Transcribe exactly everything in the data below from the line containing "The Red Sun video 2" down to the line containing "EDDE [Education Design", both lines included and nothing further.

## [Data for processing]
------------------------

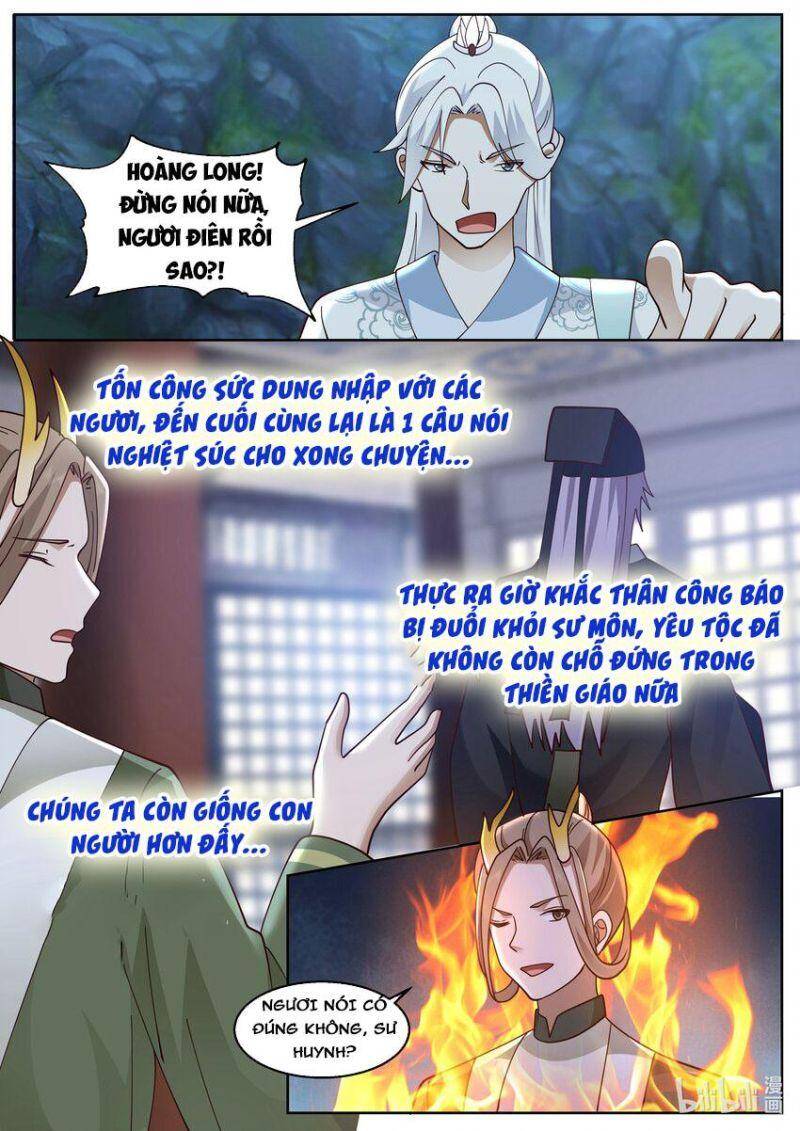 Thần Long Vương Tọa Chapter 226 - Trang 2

------------------------

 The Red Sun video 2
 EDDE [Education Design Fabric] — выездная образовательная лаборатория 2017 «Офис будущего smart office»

------------------------

## [Problem solution]
 The Red Sun video 2
 EDDE [Education Design Fabric] — выездная образовательная лаборатория 2017 «Офис будущего smart office»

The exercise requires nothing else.